Notice: the branch changed across the force-push!
- icu4j/perf-tests/src/main/java/com/ibm/icu/text/BreakTransliteratorAccess.java is different
~ Your Friendly Jira-GitHub PR Checker Bot
It looks like all of the issues have been addressed on this PR and we have been ready to merge, we just overlooked it. I did some minor bookkeeping details to push it over the finish line and finally merge it.
FYI on bookkeeping details needed before the merge: CI needed to be manually enabled again (not sure why, once has been good enough for new contributors). The CI copyright check job failed because we're adding a new file in this PR, and it didn't have that verbiage, so I amended the PR with the diff below to add it, and then did a force push back to the PR branch (and then reapproved and merged).

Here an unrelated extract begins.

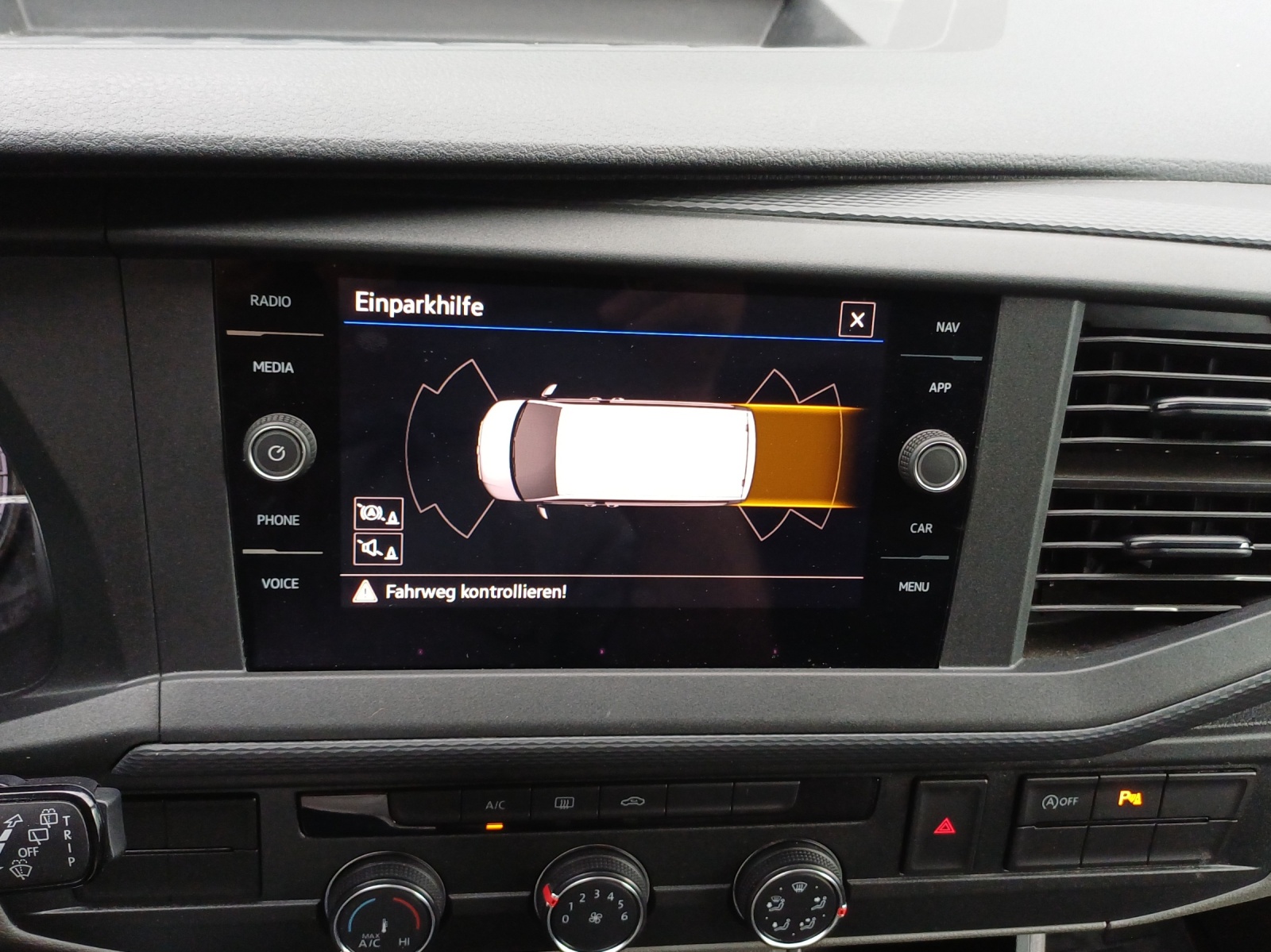 VW T6.1 2.0 TDI-image-15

diff --git a/icu4j/perf-tests/src/main/java/com/ibm/icu/text/BreakTransliteratorAccess.java b/icu4j/perf-tests/src/main/java/com/ibm/icu/text/BreakTransliteratorAccess.java
index 5afbe1e92bd..a80b5da2fa7 100644
--- a/icu4j/perf-tests/src/main/java/com/ibm/icu/text/BreakTransliteratorAccess.java
+++ b/icu4j/perf-tests/src/main/java/com/ibm/icu/text/BreakTransliteratorAccess.java
@@ -1,3 +1,5 @@
+// © 2025 and later: Unicode, Inc. and others.
+// License & terms of use: http://www.unicode.org/copyright.html
package com.ibm.icu.text;
public class BreakTransliteratorAccess {